Generalist Large Language Models (LLMs), such as GPT-4, have shown considerable promise in various domains, including medical diagnosis. Rare diseases, affecting approximately 300 million people worldwide, often have unsatisfactory clinical diagnosis rates primarily due to a lack of experienced physicians and the complexity of differentiating among many rare diseases.
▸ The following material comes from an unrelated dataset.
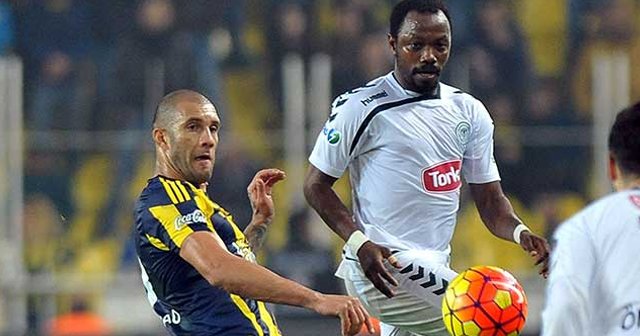 Fenerbahçe, Konyaspor&#039;u tek golle yendi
In this context, recent news such as "ChatGPT correctly diagnosed a 4-year-old's rare disease after 17 doctors failed" underscore LLMs' potential, yet underexplored, role in clinically diagnosing rare diseases. To bridge this research gap, we introduce RareBench, a pioneering benchmark designed to systematically evaluate the capabilities of LLMs on 4 critical dimensions within the realm of rare diseases. Meanwhile, we have compiled the largest open-source dataset on rare disease patients, establishing a benchmark for future studies in this domain. To facilitate differential diagnosis of rare diseases, we develop a dynamic few-shot prompt methodology, leveraging a comprehensive rare disease knowledge graph synthesized from multiple knowledge bases, significantly enhancing LLMs' diagnostic performance. Moreover, we present an exhaustive comparative study of GPT-4's diagnostic capabilities against those of specialist physicians. Our experimental findings underscore the promising potential of integrating LLMs into the clinical diagnostic process for rare diseases. This paves the way for exciting possibilities in future advancements in this field.

翻译：通用型大型语言模型（如GPT-4）在包括医疗诊断在内的多个领域展现出显著潜力。罕见病影响全球约3亿人口，由于经验丰富的医师匮乏及多种罕见病鉴别诊断的复杂性，其临床确诊率长期处于较低水平。在此背景下，"ChatGPT在17位医生误诊后正确诊断4岁儿童罕见病"等近期新闻凸显了LLMs在罕见病临床诊断中尚未充分发掘的潜力。为填补这一研究空白，我们提出RareBench——首个系统评估LLMs在罕见病领域四个关键维度能力的开创性基准。同时，我们构建了迄今最大的罕见病患者开源数据集，为后续研究建立基准。为促进罕见病鉴别诊断，我们开发了动态少样本提示方法，该方法整合多知识库形成的综合罕见病知识图谱，显著提升了LLMs的诊断表现。此外，我们开展专项对比研究，系统比较GPT-4与专科医师的诊断能力。实验结果表明，将LLMs整合至罕见病临床诊断流程具有广阔应用前景，为该领域未来发展开辟了令人振奋的新可能。